Fix OOB read / segfault when reading SHAPE-scalar HDF5 datasets

[SimonPinches]

Fix OOB read / segfault when reading SHAPE-scalar HDF5 datasets

Closes #51. Alternative to #52.

Problem

Reading GGD geometry data segfaults inside the HDF5 reader, e.g.:

ids.grid_ggd[0].space[0].objects_per_dimension[3].object[0].geometry[0]

crashes with SIGSEGV in __intel_avx_rep_memcpy (see the backtrace in #51).

Root cause

HDF5HsSelectionReader computes dim = dataset_rank - AOSRank. For a *_SHAPE
dataset whose rank equals the AOS depth, dim == 0 while rank > 0.

readIntNDFromBuffer and readDoubleNDFromBuffer then take the rank != dim
branch and unconditionally append a trailing value-dimension index before
computing the flat offset:

std::vector<int> indices = current_arrctx_indices;   // size == rank
indices.push_back(0);                                // -> size rank + 1
int index = hdf5_utils.indices_to_flat_index(indices, hsSelectionReader.getDataSpaceDims());
memcpy(*data, v + index, shape * sizeof(int));

indices_to_flat_index iterates indices.size() times reading dataSpaceDims[i],
so the extra element reads one past the dims array and folds it into the offset.
The resulting index is out of range and the memcpy reads unmapped memory.

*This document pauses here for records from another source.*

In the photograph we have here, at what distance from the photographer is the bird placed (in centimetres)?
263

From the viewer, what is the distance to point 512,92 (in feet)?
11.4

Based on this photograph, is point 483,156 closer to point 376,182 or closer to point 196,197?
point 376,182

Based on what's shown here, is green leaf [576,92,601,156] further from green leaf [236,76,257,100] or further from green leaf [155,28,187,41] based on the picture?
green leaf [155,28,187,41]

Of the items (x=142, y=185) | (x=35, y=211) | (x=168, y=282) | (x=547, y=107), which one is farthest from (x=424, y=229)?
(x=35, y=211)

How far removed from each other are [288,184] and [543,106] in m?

Notably, the buffered write path (fillFullBuffers()) already handles this
correctly — it guards the same push_back with if (request_dim != 0) and, when
dim == 0, indexes directly from the AOS indices. The read-from-buffer functions
were simply missing that guard.

Fix

Mirror the existing write-path guard into both read functions: only append the
trailing index when dim != 0; otherwise address the scalar directly from
current_arrctx_indices. Minimal, symmetric with fillFullBuffers(), and it
lets the read return the correct value instead of crashing.

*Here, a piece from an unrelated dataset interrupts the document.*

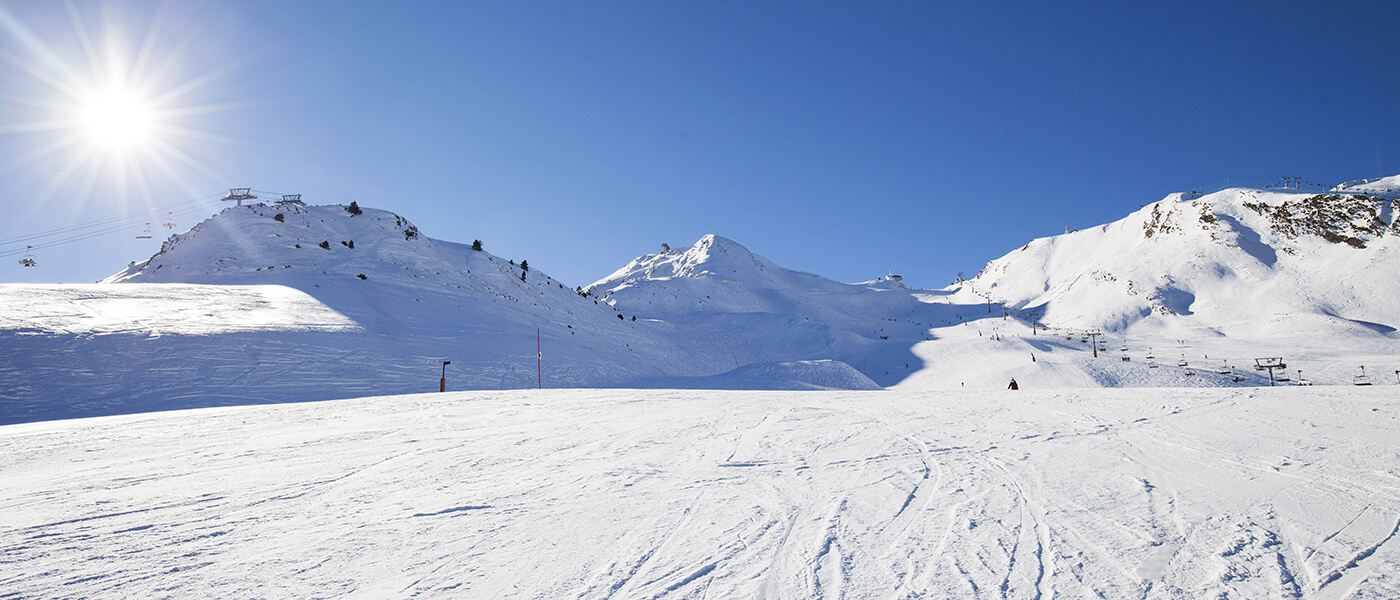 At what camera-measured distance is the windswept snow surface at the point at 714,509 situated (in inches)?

Why this as an alternative to #52

#52 addresses the same issue from the caller side by adding rank checks in
readPersistentShapes_Get / _GetSlice that throw an ALBackendException when
the SHAPE-dataset rank does not match arrctx_indices.size() + 1. That removes
the undefined behaviour, but for the reproduction case the rank is exactly
arrctx_indices.size(), so the guard converts the crash into a thrown
exception — the GGD geometry still cannot be read. (The PR description for #52
also describes a conditional-push_back fix and a write-path change that are not
present in its diff.)

This PR instead fixes the indexing at its source, so the affected reads succeed.
The two approaches are not mutually exclusive: #52's guard could be kept as a
defence-in-depth safety net (with its condition relaxed so it does not reject the
legitimate rank == AOSRank SHAPE case), but it is not required once the
indexing is correct.

Verification

Reproduced the crash on the released IMAS-Core/5.6.0 modules (both intel-2023b
and foss-2023b) with the script from #51 → SIGSEGV (exit 139).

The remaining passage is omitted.